The prayer reads more like an accusation by the composers against folks other than themselves than reading like a confession.
I'm all for doing better. I'm all for prayers of confession that acknowledge we aren't doing enough, that there is still injustice, that our giving and humility should be even more radical. But this comes durn close to a violation of the commandment about not taking the Lord's name in vain. This is ministers making personal political observations and rewriting it in the form of a prayer of confession.
* Hey, didn't unemployment just go up? What are the odds, huh?
5 comments:
Which brings forth my reaction to Liberation Theology priests such as the Sandinistas Cardenal and Escoto, both of whom I have heard speak:
If you are a Christian and a believer, that is one of the best justifications there are for my being a nonbeliever and not a churchgoer.
( Yes, I realize his name is D'Escoto, but according to Jiron's Quien es Quien en Nicaragua, his Somocistafather bought the name from some poor Italian aristocrat.)
Was this written by the American headquarters for America or by the Swedish headquarters?
Or maybe we should just say it was written for the French? I mean, barring it actually stating what country it's written for, I say we make up our own assignment...

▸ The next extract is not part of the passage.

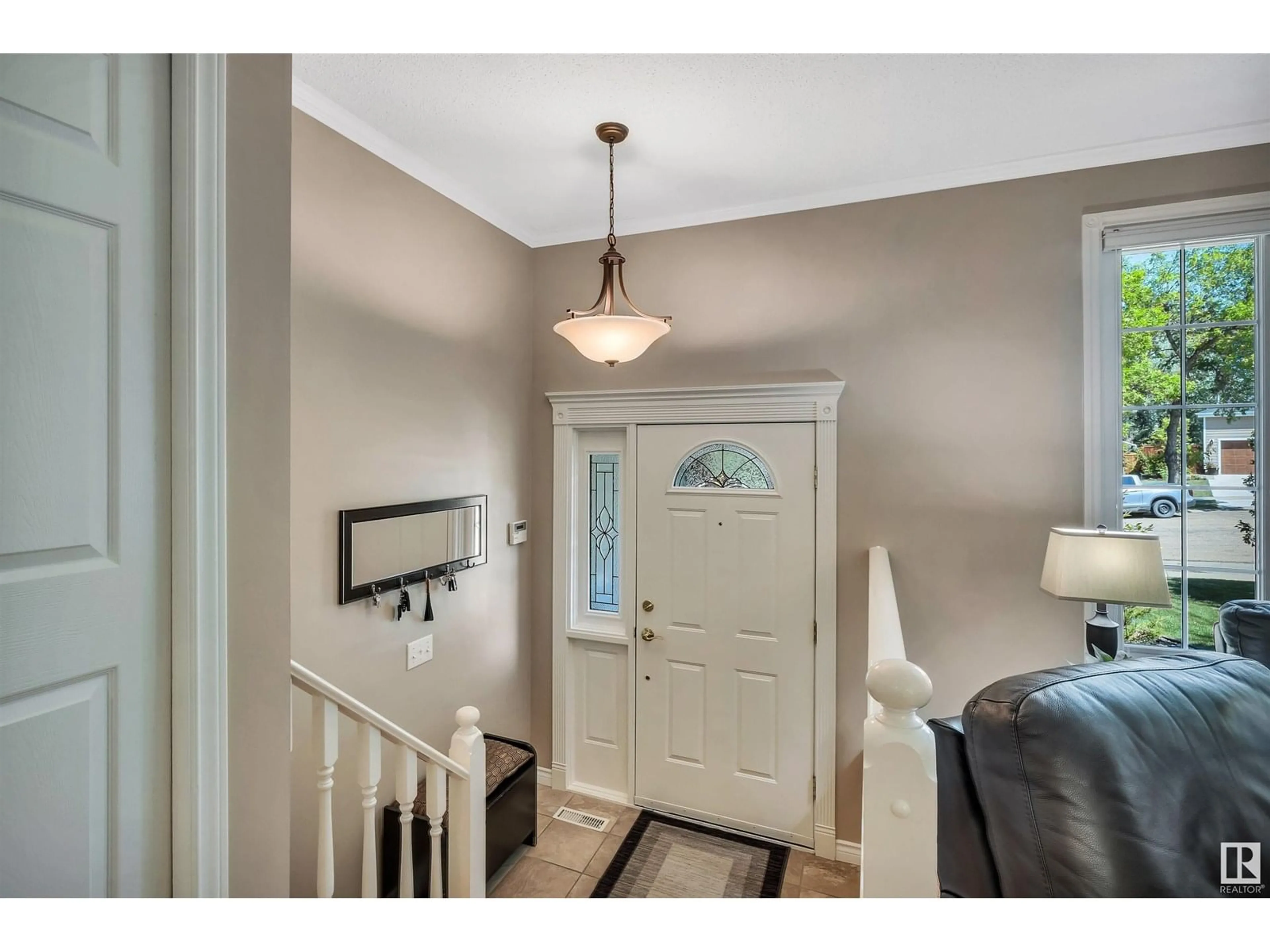 Indoor entryway for 9 WEDGEWOOD PL, St. Albert Alberta T8N3H7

Yesterday I was feeling sick after sweet granddaughter sneezed green snot on my face a three inches away a few days before, so when I took my spectrum friend to the asperger's support meeting, rather than give the cold to everyone there, I sat in the sanctuary of the Methodist church and read one of their publications. I come from a very different denomination, but I love the Wesleys and their writings and witness, so I was expecting some great literature in this magazine called Weavings.

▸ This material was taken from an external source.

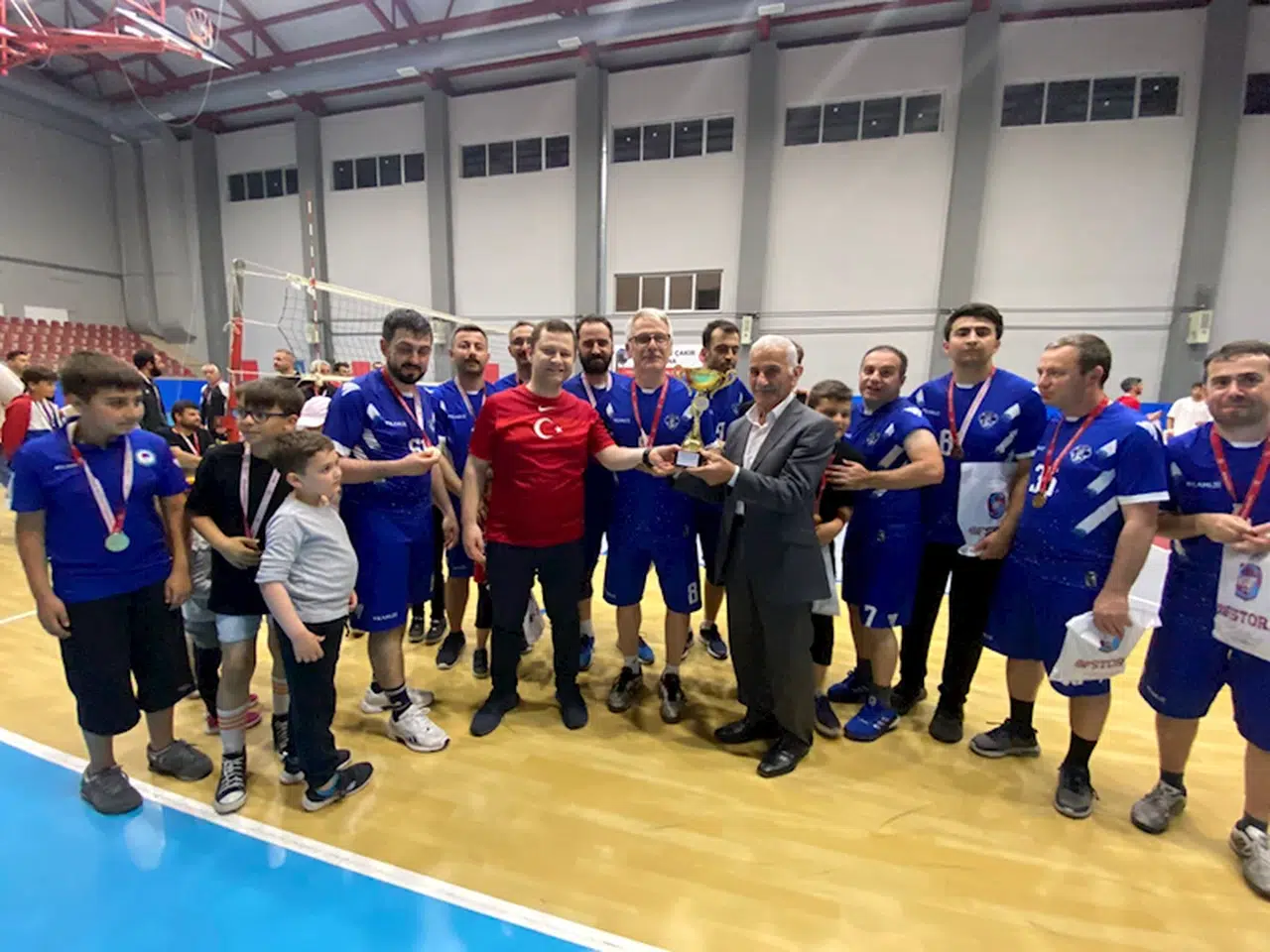 Şehit Necmi Çakır Voleybol Turnuvası sona erdi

Oh my goodness. Exactly what you described.
One article was about how you have to be one with nature before you can pray included an invective against the Bush-controlled congress for trying to weaken the endangered species act. I wrote lots of notes in the margins for the next reader. What made me most mad was that if we all did what the writers in that mag wanted, all my friends in Rwanda would starve to death. And then the writers would all weep spiritually.

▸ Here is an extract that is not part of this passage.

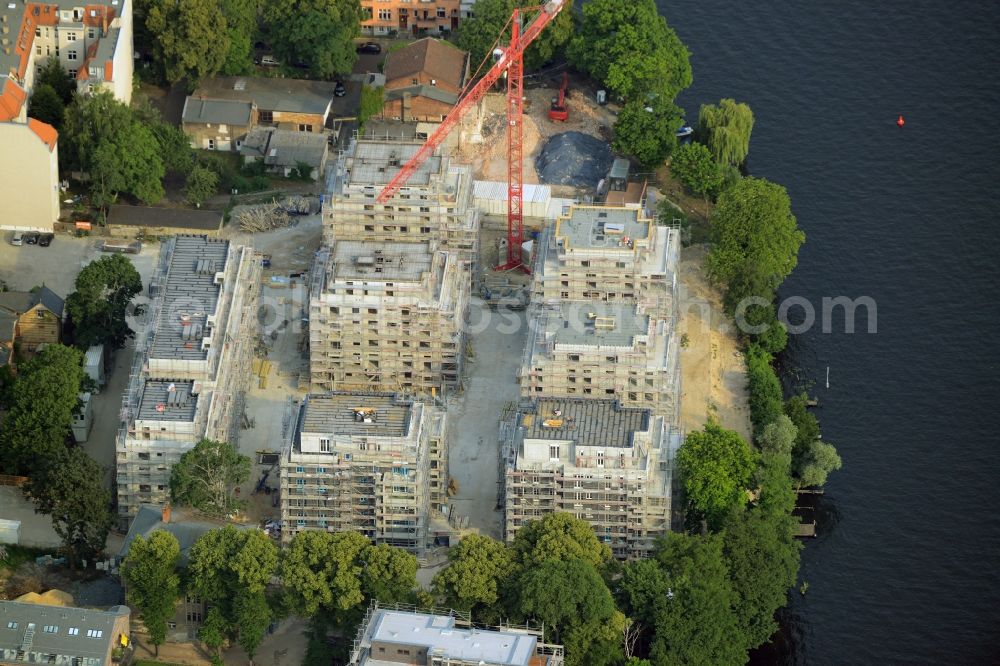 Berlin from above - Construction site for new residential construction of RESIDENTIAL QUARTER UFERKRONE at the riverside at Linden Street in Berlin Koepenick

After reading Collapse and Dirt, I'm now reading Saving The Planet With Pesticides and Plastics. It's from the Hudson Institute, so you can guess its bias but it is full of fascinating statistics.
And Beth, I found a book titled Crunchy Con! So I am reading it too. (and Analog, and Perennial Vegetables and Plants For A Future, and article The Tree Avalanche on www.ecoworld.com which I'm sending on to my friend in Rwanda. And a book about man-made global warming that every student in my alma mater University of Washington is required to read.
AVI, I hadn't understood your invective a while ago about the church adopting environmentalism, but I think I'm getting it.
bs king - good idea. I say it was Belgians, the cultural hegemons of Europe, then the world.